When you are ready to submit, please follow these steps.

  1. Please ensure that any sketches you submit compile and run. It's better to submit a sketch that runs smoothly but implements fewer required features than one that has broken code for all features. If you get partway into a feature but can't make it work, comment it out so that the sketch works correctly without it.

  2. If necessary, review the Code Style Guide and use Processing's built-in auto format tool. You do not need to use the precise coding style outlined in the guide, but whatever style you use, your code must be clear, concise, consistent, and commented.
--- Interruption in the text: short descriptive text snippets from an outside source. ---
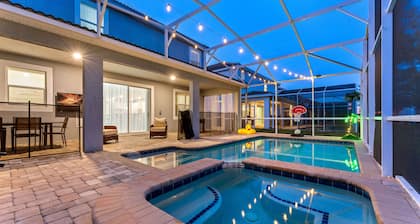 Unforgettable Orlando Getaway! Themed Rooms, Pool & Resort Fun Near Disney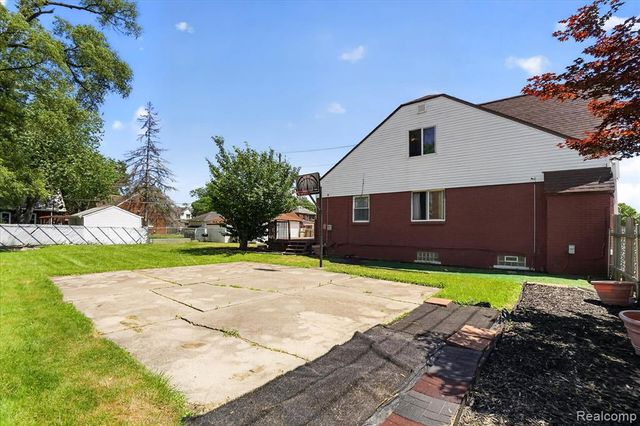 15802 Mansfield Street, Detroit, MI 48227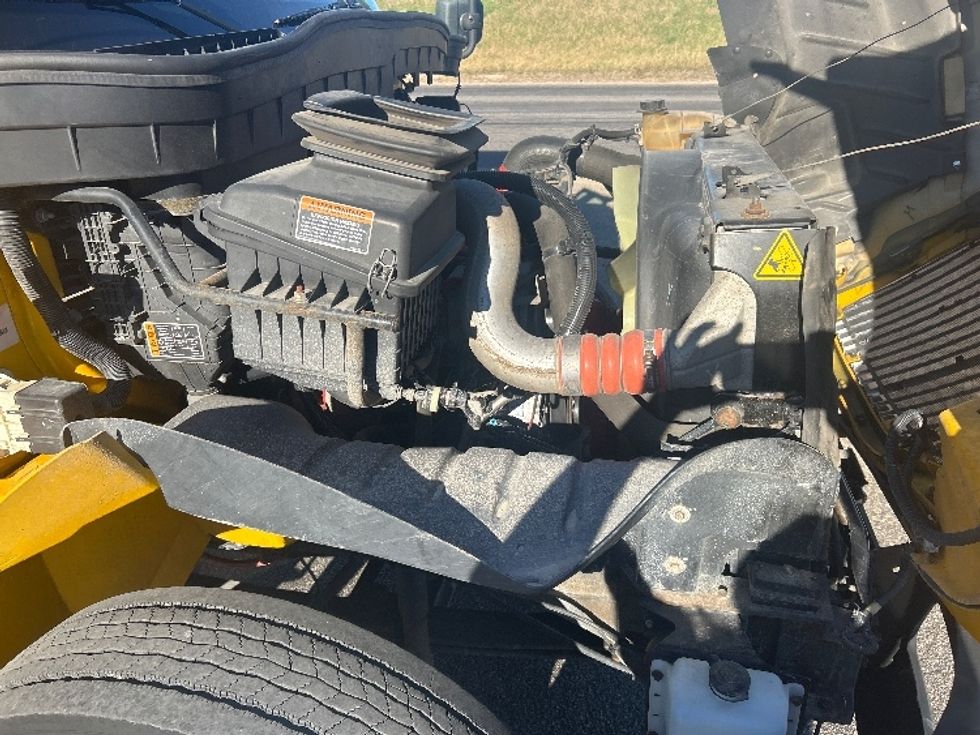 Medium Duty Box Truck-Light and Medium Duty Trucks-International-2021-MV607-San Antonio-TX-213,210\n\t\tmiles-$ 40,250 - Image 23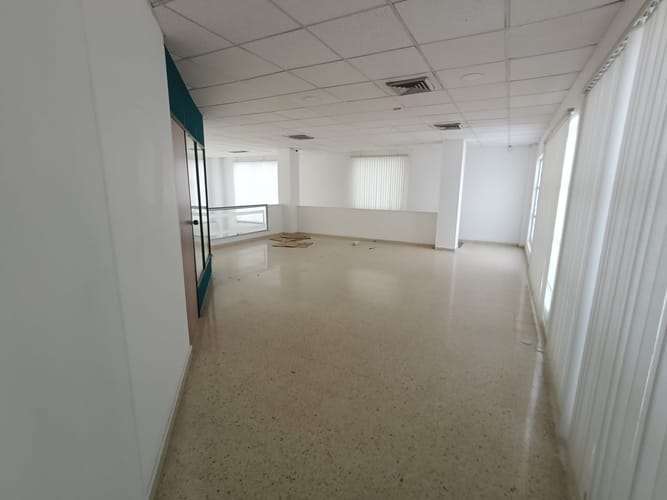 Local en venta en San Francisco, Bucaramanga, 239 m² · foto 18 de 24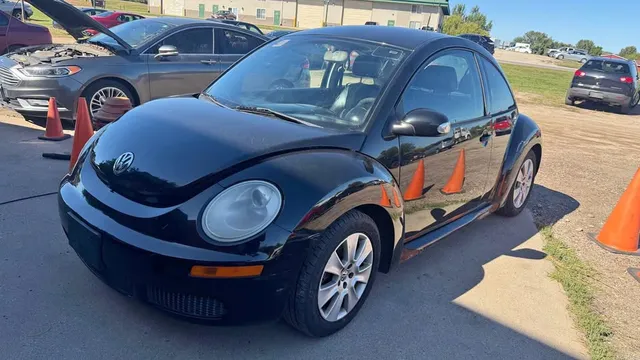 2008 Volkswagen Beetle 2.5L Hatchback 2D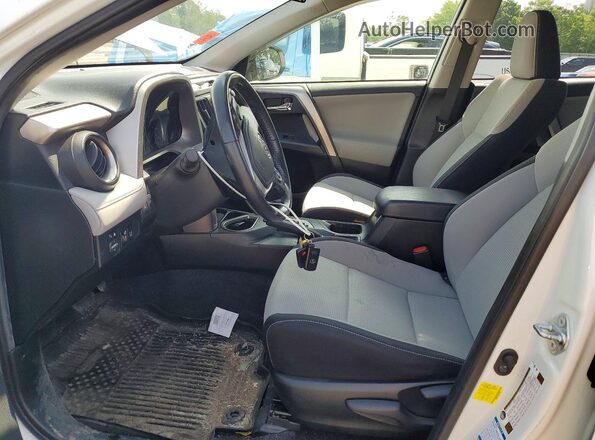 JTMRFREV6JJ721384 2018 TOYOTA RAV4 White 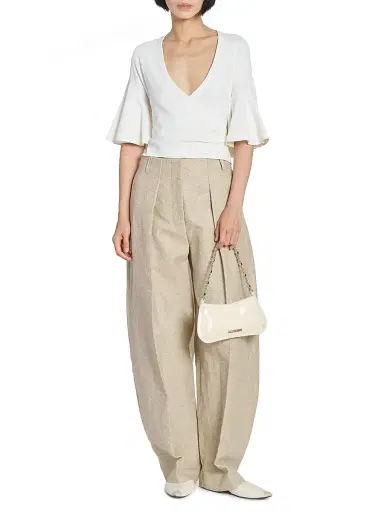 Jacquemus Women's Le Petit Bisou Leather Shoulder Bag | Thumbnail 2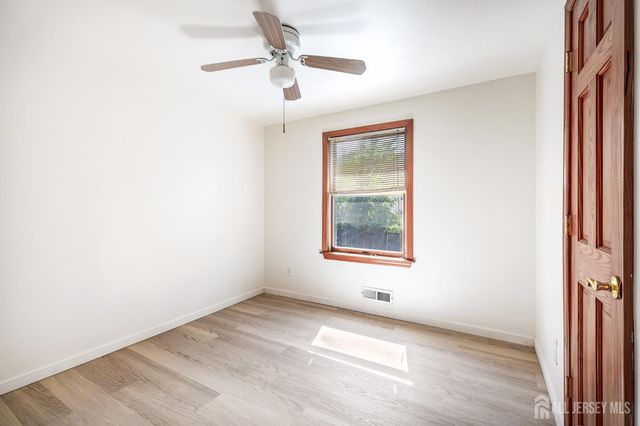 233 Henry Court, North Plainfield, NJ 07060
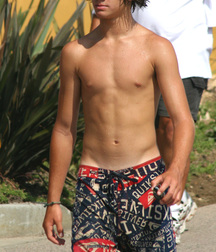 Twink Tube Speedos Sexy Boys 613b30caeb40b.jpg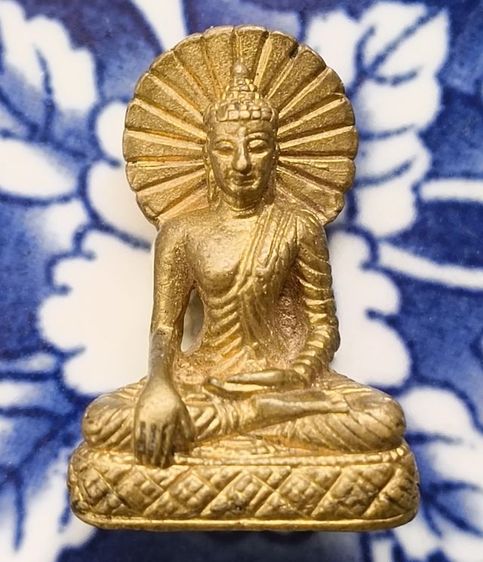 พระหล่อเต่าหลวงปู่หลิววัดไร่แตงทองเก่าค่ะ รูปที่ 11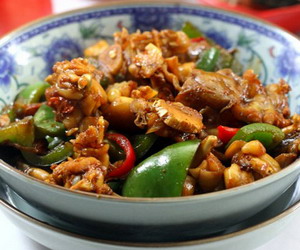 ţཷ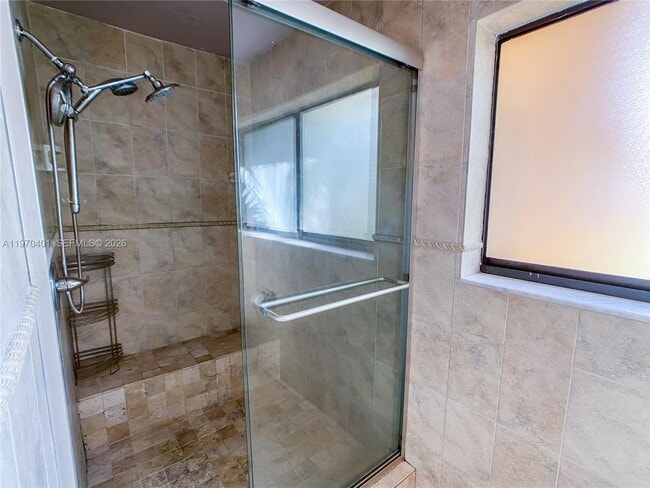 Building Photo - 956 Mockingbird Ln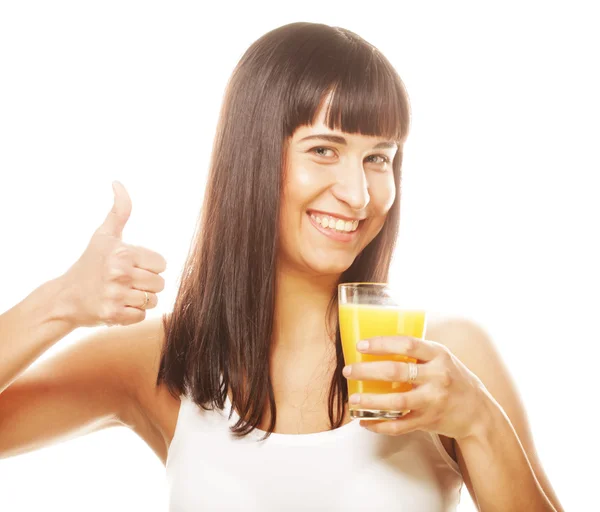 Kvinna isolerad skott dricka apelsinjuice — Stockfoto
  3. If necessary, review the How To Submit document for a reminder on how to submit to LEARN.

  4. Make sure to include a comment at the top of all source files containing your name and student ID number.

  5. Create a zip file called A02.zip containing the entire A02 with its subfolder Platformer.

  6. Upload A02.zip to LEARN. Remember that you can (and should!) submit as many times as you like. That way, if there's a catastrophe, you and the course staff will still have access to a recent version of your code.

  7. If LEARN isn't working, and only if LEARN isn't working, please email your ZIP file to the course account (see the course home page for the address). In this case, you must mail your ZIP file before the deadline. Please use this only for emergencies, not "just in case". Submissions received after the deadline may receive feedback, but their marks will not count.